宇髄天元也凑了过来,华丽的护额在夕阳下闪闪发光:“没错!这么华丽的点子,可不能只有你一个人专享!分享出来,让我们也参考参考,看怎么搞得更华丽一些!”
悲鸣屿行冥也微微颔首,低沉的声音带着一丝赞许:“南无……能惠及更多人,确是善举。若审神者不介意,我亦愿闻其详。”
大家一时间都围上来了,你见状,示意大家围着你坐成一个圈,然后你坐在圈中间,将自己设立训练场的大致框架、训练内容侧重、以及“毕业”机制的设计思路,简明扼要地介绍了一遍。
“……大致就是这样。” 你最后总结道,“关键在于营造一个可以安心挑战、不怕失败的环境,同时给予明确的目标和反馈。”
大家都有些若有所思。
“我会试着在蝶屋增设一些关于应对毒的特别讲解和应对方法。”蝴蝶香奈惠提议,紫色的眼眸弯起,“毕竟,减少伤亡也是医疗者的心愿呢。”
你投以敬佩的眼神,不愧是香奈惠,一下子就想到了只有她能做的事情,所有柱里只有花柱出身医药世家,也只有她才能为队员科普关于毒的理论知识,方便队员们更好的应对用毒的鬼。
锖兔手指弯曲撑住下巴,扬起微笑:“果然还是地狱训练吧,是男人的话就坚决不能退缩,我会“建议”所有队员都来修行,不达到一定标准,任务之外的所有时间全部剥夺。”
不知为何,你觉得他浑身在散发黑气,轻柔的微笑下藏着斯巴达的教育方针,好恐怖的地狱训练,祝在锖兔辖区的队员们好运吧。

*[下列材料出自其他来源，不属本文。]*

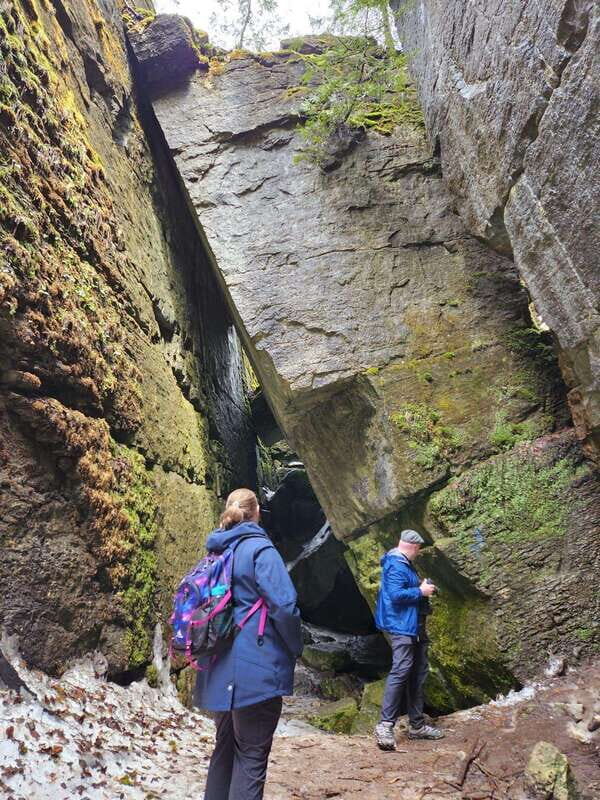 Private Singhampton Caves Hike - Collingwood/Blue Mountain - How the Tour Compares to Other Options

义勇……义勇在发呆,你目光路过他的时候,他像是惊醒了,然后向你露出疑问的神色。你忍不住捂住额头。
众人又简单交流了几句,天色渐晚,便准备各自散去。
“审神者。”香奈惠轻柔地唤了你一声,走到你身边,很自然地挽住了你的手臂,动作流畅而亲昵,“既然会议结束了,不如顺路去蝶屋坐坐?”
香奈惠的声音温柔却带着不容置疑的意味,她紫色的眼眸含笑看着你,又转向面露诧异、似乎还想和你多说些什么的锖兔和义勇,“审神者我就先带走了哦。”
“诶?” 你有些措手不及,但手臂已被香奈惠轻轻带着转身。
“等等。” 是锖兔,他上前一步,紫灰色的眼眸看向香奈惠,语气礼貌却带着一丝不易察觉的坚持,“蝴蝶小姐,我们和审神者也有些事……”
香奈惠脸上的笑容没有丝毫变化,她微微侧头,目光在锖兔和义勇脸上扫过,依旧温温柔柔的,却仿佛带着无形的屏障:“锖兔先生,富冈先生,抱歉哦。” 她语气轻快,甚至俏皮地眨了下眼,“今天可是女孩子之间的聚会呢。我和小忍,与审神者有好多女孩子之间的话题要聊,比如新的发饰啦,香囊的香味啦,还有一些……不太方便让男孩子听到的悄悄话。”
她特意强调了“女孩子之间”和“悄悄话”,笑容甜美无害,却清晰地划出了一道界限。
“两位水柱先生,不会连这个也要打扰吧?”
她的话语轻柔如风,却像一道无形的门,将两位年轻的水柱礼貌而坚决地挡在了外面。她的理由正当又带着女性特有的亲昵边界感,让人难以反驳。
锖兔到了嘴边的话被堵了回去,紫灰色的眼眸微微眯起,看着香奈惠那温柔却滴水不漏的笑容,又看了看你——你显然对香奈惠的邀请并无抗拒,甚至隐隐有些意动,毕竟你也确实想去蝶屋看看,答应之后一次没去过呢,一想到接下来要看到小忍,你甚至有点心虚。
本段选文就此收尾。